Update REA, REINFORCE, and RANDOM

This commit is contained in:
D-X-Y 2020-07-14 06:10:34 +00:00
parent ebad9197f7
commit 168b08d9e6
6 changed files with 401 additions and 7 deletions

180
docs/NAS-Bench-201-PURE.md Normal file
View File

@ -0,0 +1,180 @@
# [NAS-BENCH-201: Extending the Scope of Reproducible Neural Architecture Search](https://openreview.net/forum?id=HJxyZkBKDr)
We propose an algorithm-agnostic NAS benchmark (NAS-Bench-201) with a fixed search space, which provides a unified benchmark for almost any up-to-date NAS algorithms.
The design of our search space is inspired by that used in the most popular cell-based searching algorithms, where a cell is represented as a directed acyclic graph.

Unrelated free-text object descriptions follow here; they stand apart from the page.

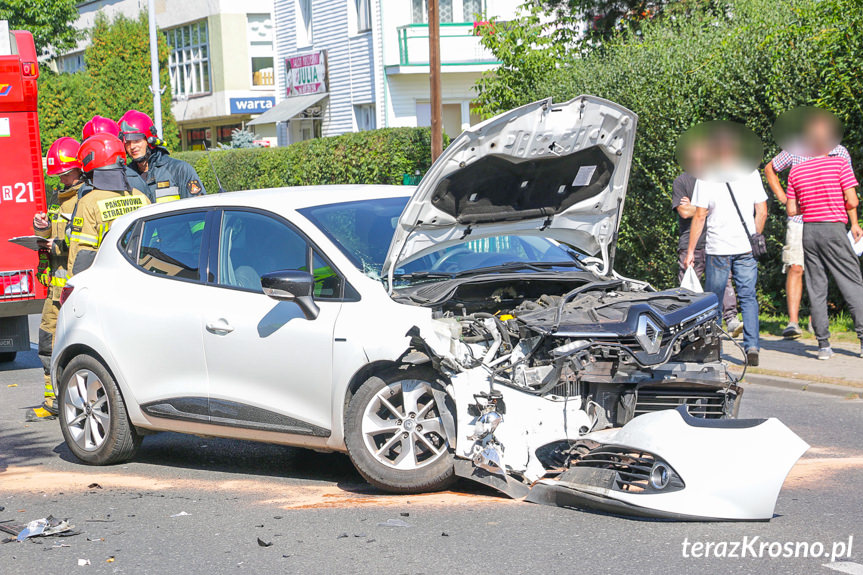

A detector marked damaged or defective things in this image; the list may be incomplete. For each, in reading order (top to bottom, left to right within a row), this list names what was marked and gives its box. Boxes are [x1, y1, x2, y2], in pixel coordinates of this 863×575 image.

crashed white car [52, 98, 808, 520]
crumpled front bumper [524, 404, 812, 520]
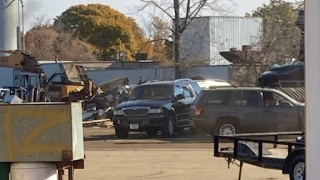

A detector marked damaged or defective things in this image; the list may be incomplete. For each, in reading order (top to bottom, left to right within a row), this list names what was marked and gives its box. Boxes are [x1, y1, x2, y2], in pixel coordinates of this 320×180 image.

rusted metal panel [0, 102, 84, 162]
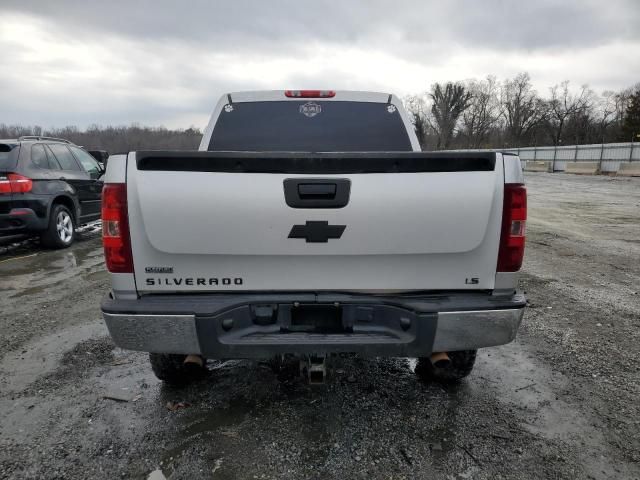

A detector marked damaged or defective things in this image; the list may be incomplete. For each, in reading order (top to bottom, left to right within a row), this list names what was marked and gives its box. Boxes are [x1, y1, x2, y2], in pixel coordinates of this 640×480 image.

rusty exhaust tip [430, 352, 450, 368]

Each edge here is associated with an operation selected from a predefined operation set.
For it to be applicable for all NAS algorithms, the search space defined in NAS-Bench-201 includes 4 nodes and 5 associated operation options, which generates 15,625 neural cell candidates in total.

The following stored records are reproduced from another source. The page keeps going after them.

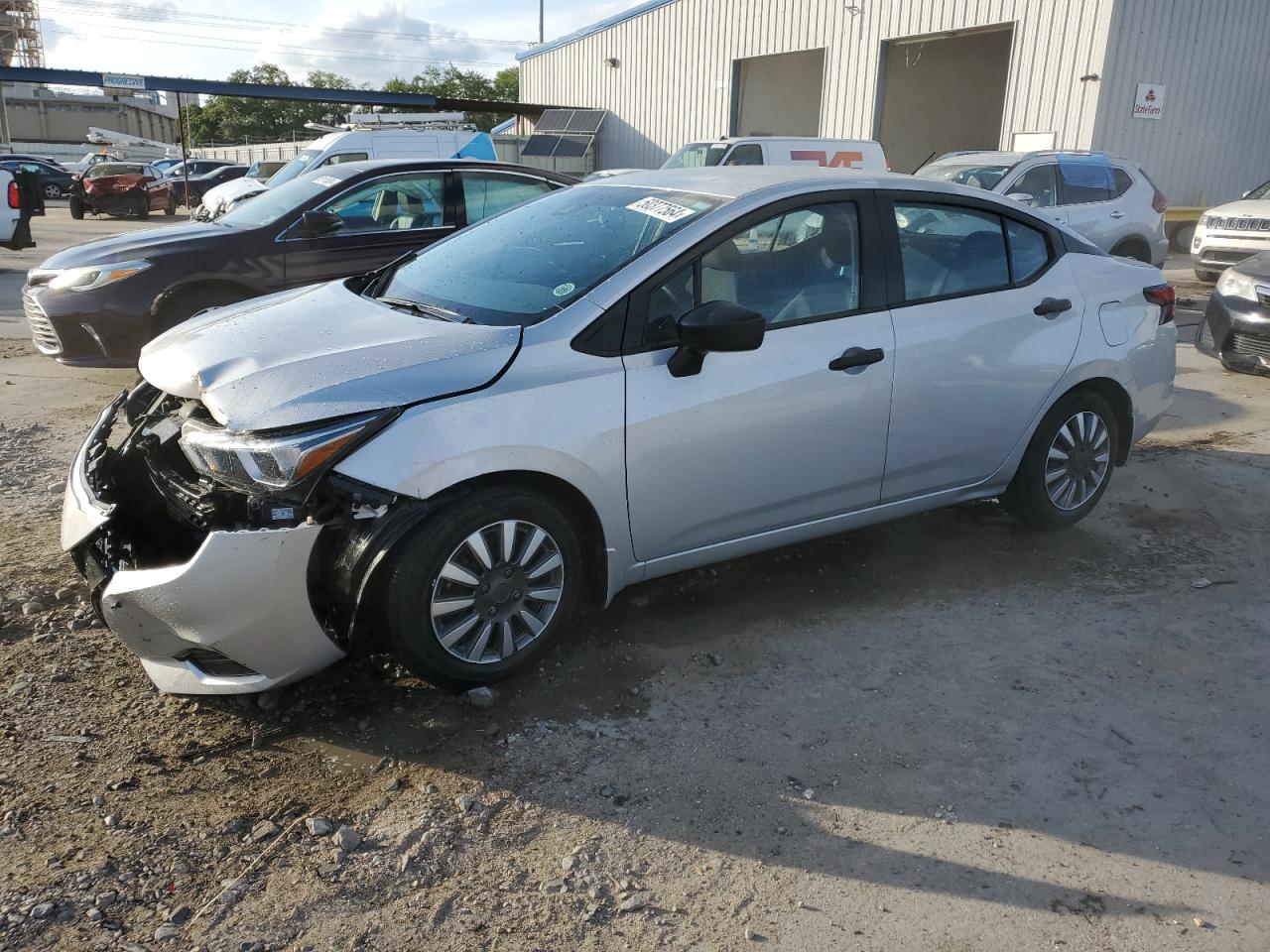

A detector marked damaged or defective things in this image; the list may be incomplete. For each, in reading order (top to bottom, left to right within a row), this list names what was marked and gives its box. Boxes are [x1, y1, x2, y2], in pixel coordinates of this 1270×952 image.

crumpled hood [38, 223, 225, 270]
crumpled hood [1199, 197, 1270, 220]
crumpled hood [136, 279, 518, 431]
broken headlight [179, 414, 386, 495]
damaged front bumper [62, 388, 345, 695]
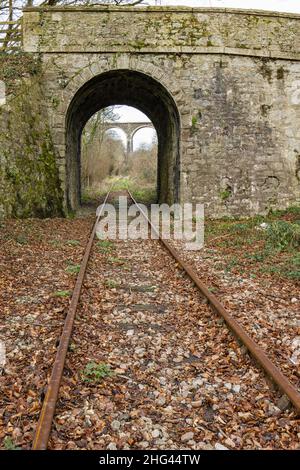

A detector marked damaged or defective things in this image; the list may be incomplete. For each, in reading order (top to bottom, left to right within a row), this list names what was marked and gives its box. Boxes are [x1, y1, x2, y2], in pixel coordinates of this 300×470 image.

rusty rail [32, 192, 111, 452]
rusty rail [127, 189, 300, 414]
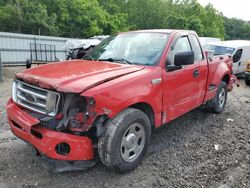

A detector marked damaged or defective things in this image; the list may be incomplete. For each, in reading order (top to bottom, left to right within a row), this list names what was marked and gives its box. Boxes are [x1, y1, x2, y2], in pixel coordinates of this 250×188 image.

crumpled hood [16, 59, 145, 93]
crushed front end [6, 80, 105, 171]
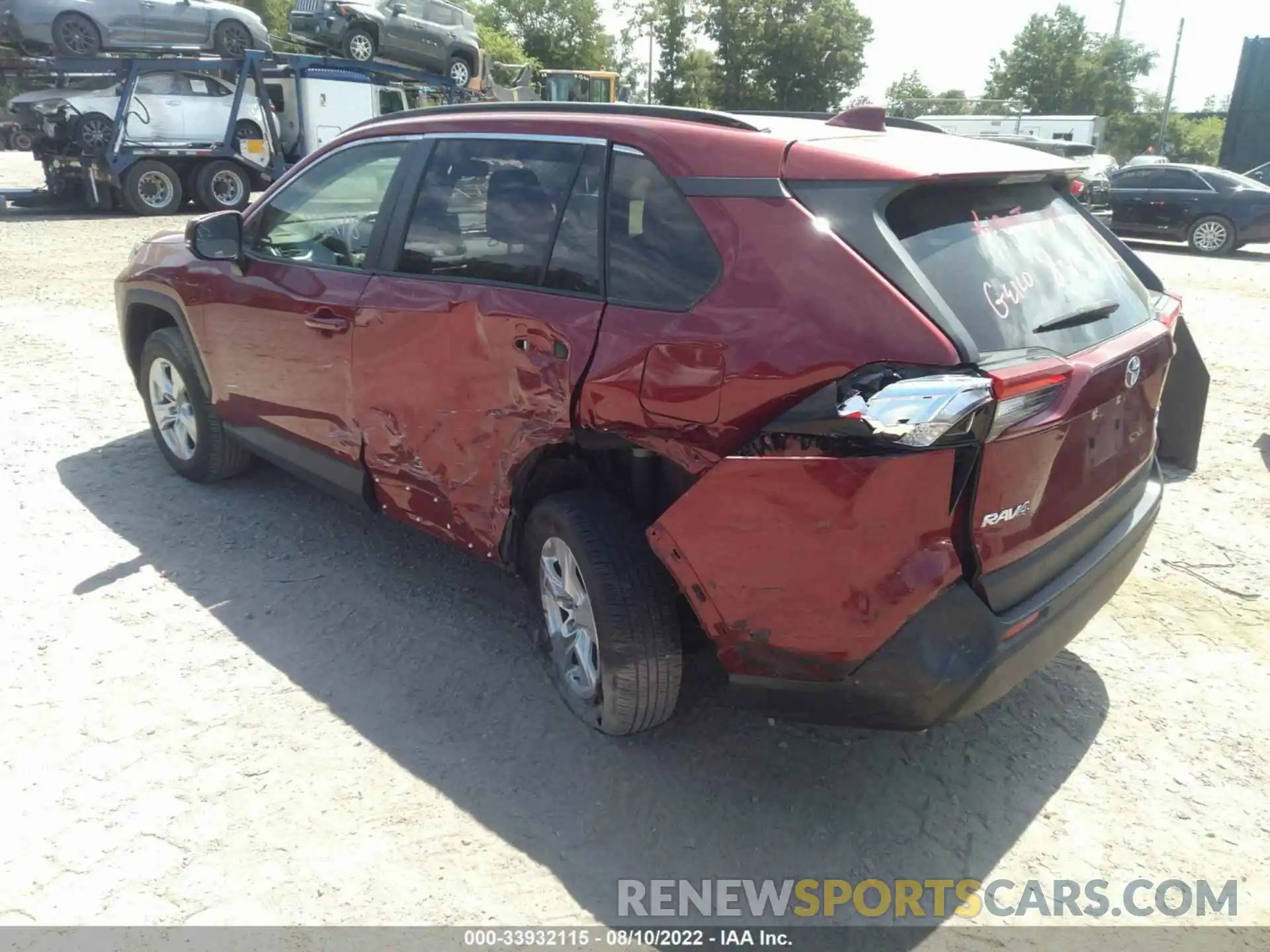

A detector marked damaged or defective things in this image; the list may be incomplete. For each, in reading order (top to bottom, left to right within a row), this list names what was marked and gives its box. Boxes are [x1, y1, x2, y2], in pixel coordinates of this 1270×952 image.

damaged red suv [114, 102, 1173, 736]
broken tail light [762, 363, 1072, 452]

In this Markdown file, we provide:
- [How to Use NAS-Bench-201](#how-to-use-nas-bench-201)
For the following two things, please use [AutoDL-Projects](https://github.com/D-X-Y/AutoDL-Projects):
- [Instruction to re-generate NAS-Bench-201](#instruction-to-re-generate-nas-bench-201)
- [10 NAS algorithms evaluated in our paper](#to-reproduce-10-baseline-nas-algorithms-in-nas-bench-201)
Note: please use `PyTorch >= 1.2.0` and `Python >= 3.6.0`.
You can simply type `pip install nas-bench-201` to install our api. Please see source codes of `nas-bench-201` module in [this repo](https://github.com/D-X-Y/NAS-Bench-201).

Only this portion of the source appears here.